Raytheon Awarded $2.3 Billion Production Contract for AN/TPY-2 Missile Defense Radars in Support of Saudi THAAD Procurement

Raytheon Missiles & Defense received a $2.3 billion U.S. Missile Defense Agency (MDA) production contract for seven gallium nitride (GaN)-based AN/TPY-2 radars.

The contract is part of a foreign military sales (FMS) to the Kingdom of Saudi Arabia an is support of Saudi’s procurement of the Terminal High Altitude Area Defense (THAAD) system, which is designed to protect against incoming ballistic missile threats.

“These highly capable X-band radars are the sharpest eyes in the global missile defense system,” said Bryan Rosselli, vice president of Strategic Missile Defense at Raytheon Missiles & Defense. “The addition of GaN technology delivers capability for threats to be detected, tracked and discriminated with improved radar reliability.”

The mobile AN/TPY-2 missile defense radar uses X-band to clearly see ballistic missile threats. The radar system operates in two modes: forward-based mode — which detects ballistic missiles and identifies any lethal objects as they rise after launch — and terminal mode as part of the THAAD system, which guides interceptors toward a descending missile’s warhead.

AN/TPY-2 Surveillance Transportable Radar
AN/TPY-2 Surveillance Transportable Radar, also called the Forward Based X-Band Transportable (FBX-T) is a long-range, high-altitude active electronically scanned array (AESA) surveillance radar.
U.S. Army Photo.

Of the 14 AN/TPY-2 radars produced, seven are fielded as a part of U.S.-operated THAAD systems, five operate in forward-based mode for the U.S., and two are part of foreign military sales.

Saudi THAAD Procurement

Saudi Arabia and the U.S. entered formal discussions for THAAD missile system in December 2016. The U.S. State Department approved the sale under the U.S. Foreign Military Sale (FMS) route in October 2017 following the Saudi Arabian request for 44 THAAD launchers, 360 THAAD Interceptor Missiles, 16 THAAD Fire Control and Communications Mobile Tactical Station Group and 7 AN/TPY-2 THAAD radars.

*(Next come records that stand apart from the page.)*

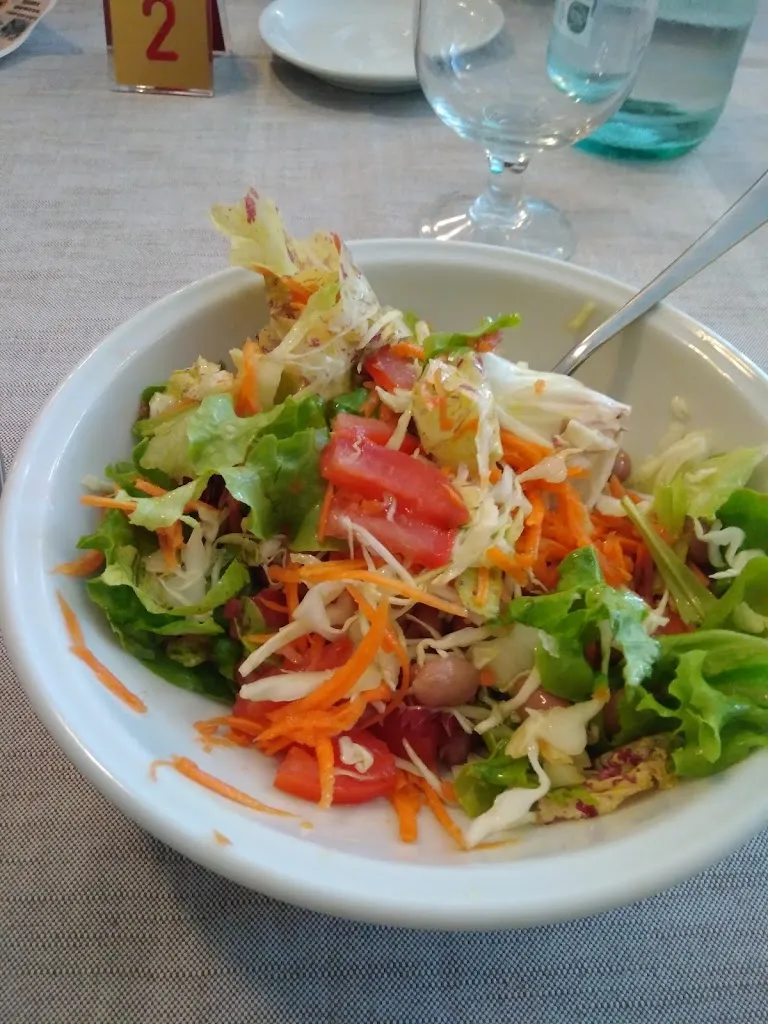 Menu_Trattoria Crosere_Latisana_image_8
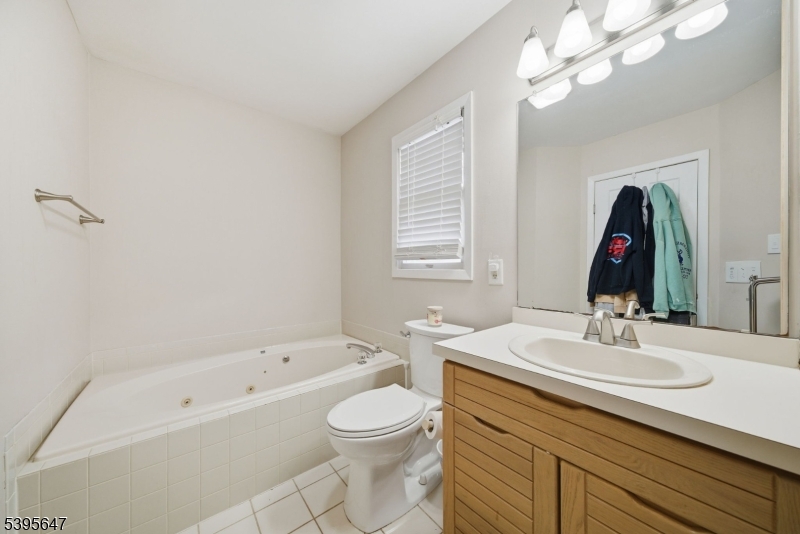 INDIAN FIELDS - Residential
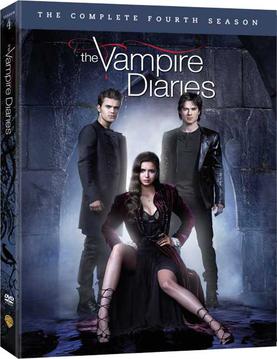 vampire diaries release date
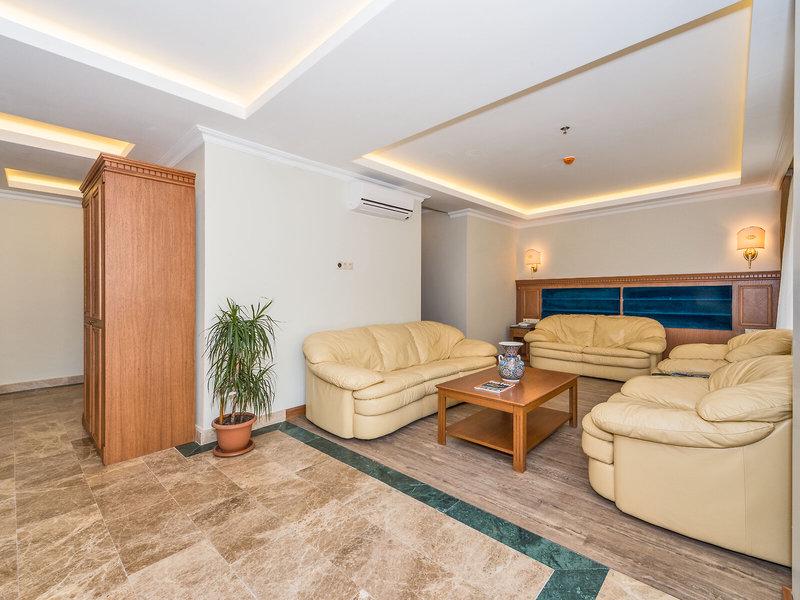 B79A54658BA65C9981C52EC4EF691C80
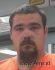Charles Davis Arrest Mugshot WRJ 09/28/2023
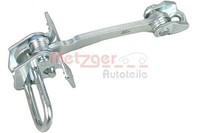 Metzger TüRfeststeller 2312190 FüR Opel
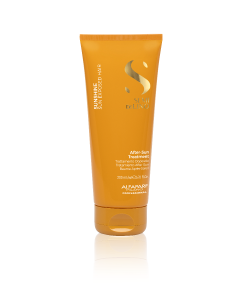 Alfaparf Sunshine After Sun Treatment 200ml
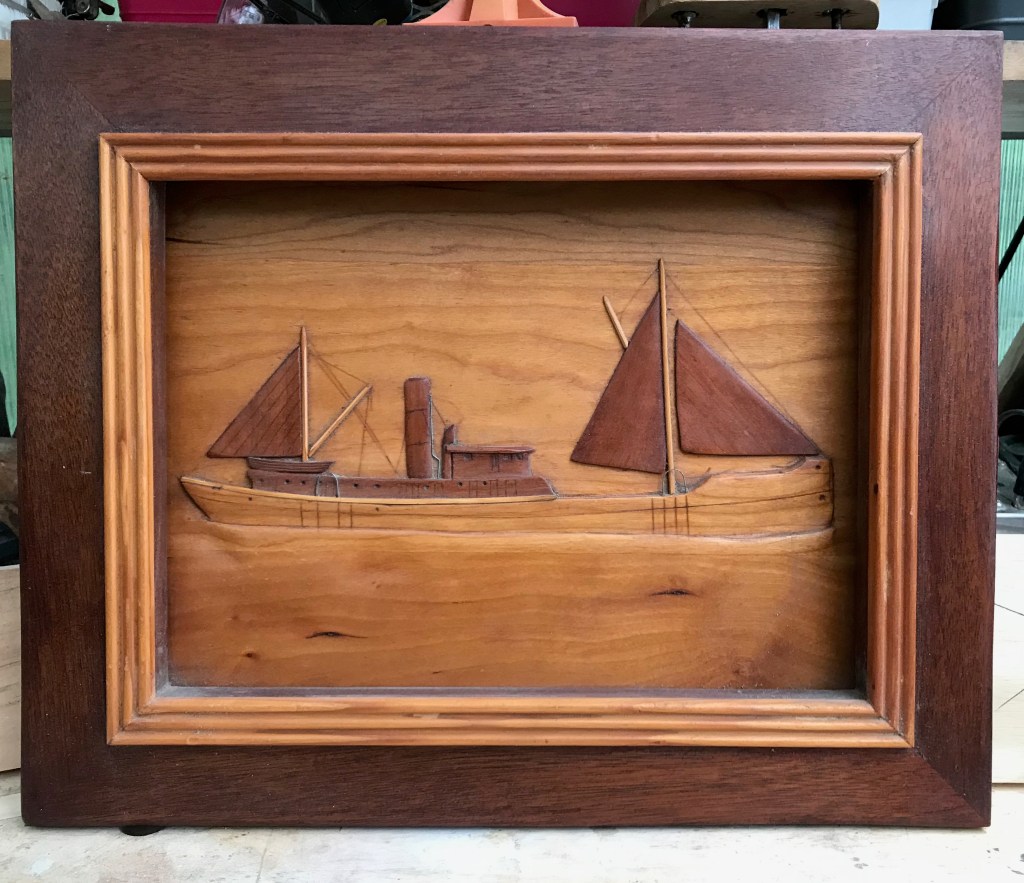 copyright you carreras - 2025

The THAAD procurement will substantially increase Saudi Arabia’s capability to defend itself against the growing ballistic missile threat in the region.  THAAD’s exo-atmospheric, hit-to-kill capability will add an upper-tier to Saudi Arabia’s layered missile defense architecture and will support modernization of the Royal Saudi Air Defense Force (RSADF).

THAAD

Terminal High Altitude Area Defense (THAAD), formerly Theater High Altitude Area Defense, is a ballistic missile defense (BMD) system designed to shoot down short, medium, and intermediate range ballistic missiles (SRBM, MRBM, IRBM) in their terminal phase by intercepting with a hit-to-kill approach.

Terminal High Altitude Area Defense (THAAD)
151010-F-FZ712-555 A Terminal High Altitude Area Defense (THAAD) interceptor being launched against a medium-range ballistic missile target during the flight test, designated Flight Test Operational-01 (FTO-01), from the U.S. Army Kwajalein Atoll/ Reagan Test Site in the western Pacific Ocean on September 10, 2013. (Missile Defense Agency courtesy photo)

Although the actual figures are classified, THAAD missiles have an estimated range of 125 miles (200 km), and can reach an altitude of 93 miles (150 km).

The THAAD interceptor carries no warhead, but relies on its kinetic energy of impact to destroy the incoming missile. A kinetic energy hit minimizes the risk of exploding conventional warhead ballistic missiles.